Scraped caption text data:
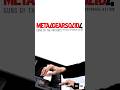 Metal Gear Solid 4 Theme | Electone Organ Soundtrack Cover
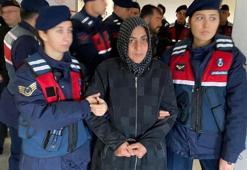 Vahşet 10 yıl sonra ortaya çıktı! Dini nikahlı kocasını zehirleyip öldürdükten sonra yakıp gömdü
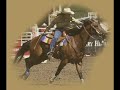 Barrel Racing!!! Barrel Racing!!!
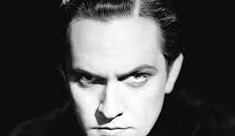 Fredric March Horoscope and Astrology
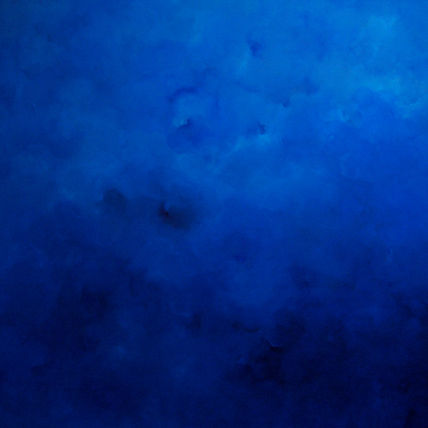 Azul 4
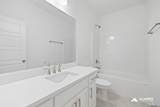 574 Turnstone Ave - Photo 31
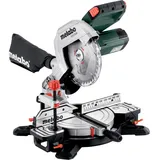 Metabo KS 216 M 610216000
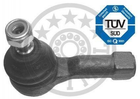 Рулевые наконечники Optimal G1946 Hyundai Pony 5682021000, 5682021100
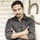 Rajasekar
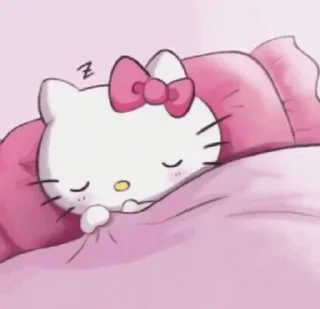 Sticker 🌟 Poropopo :: @fStikBot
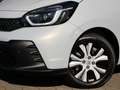 Honda Jazz 1.5 i-MMD HYBRID ELEGANCE NAVI+ACC+KAMERA Blanc - thumbnail 3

■ WHAT NEEDS TO BE DONE
Leave the pictures out, and transcribe exactly the lines above starting at the one that contains "Barrel Racing!!! Barrel Racing!!!" and ending at the one that contains "Sticker 🌟 Poropopo :: @fStikBot".

■ ANSWER TO THE PROBLEM
 Barrel Racing!!! Barrel Racing!!!
 Fredric March Horoscope and Astrology
 Azul 4
 574 Turnstone Ave - Photo 31
 Metabo KS 216 M 610216000
 Рулевые наконечники Optimal G1946 Hyundai Pony 5682021000, 5682021100
 Rajasekar
 Sticker 🌟 Poropopo :: @fStikBot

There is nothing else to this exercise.